As anticipated, climate change, ecology and the wider ‘green transition’ have been placed at the heart of new legislation and policy by the Social Democrats.
Organic Denmark, called the development “a historic breakthrough for organic”, bringing with it benefits for nature, the environment and water quality in Denmark.
The association also praises the agreement’s wider ambitions for climate change, and a new agricultural policy in the EU that focuses on public goods.
“We are now looking forward to the coming collaboration on the development of a new Danish organic policy, which can realise the ambitious goals and maintain Denmark’s status a the world’s leading organic country,” says Paul Holmbeck, Organic Denmark’s political director of the Organic Land Association.

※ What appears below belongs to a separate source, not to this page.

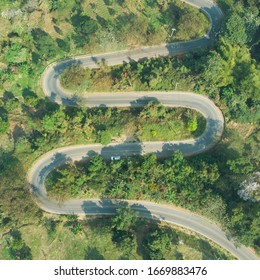 Aerial View Of Asphalt Winding Road In The Forest Mountain For Background.Scenic View Of Sharp Curve Road By Drone Safty Drive And Travel Concept.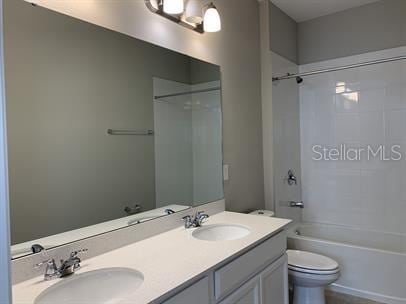 full bathroom featuring tub / shower combination, vanity, and toilet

While giving the announcement a warm welcome, Holmbeck said that wider agricultural reforms were needed.
“ (the new direction) …requires new investments in innovation, market development and research. New knowledge, new markets and new innovative solutions must support the organic farmers, companies and food professionals in driving the climate change and creating new jobs in the food industry. Organic stands on three pillars: the market, innovation and and proactive organic policy.”
Per Kølster, chairman of the Organic Land Association, added: “It is crucial that the government addresses climate and biodiversity challenges in a major restructuring in agriculture. And in that work, organic must, to a much greater extent than today, be actively involved in both the forthcoming climate policy and agricultural reform, since organic simultaneously delivers a series of sustainability goals, such as nature and clean drinking water.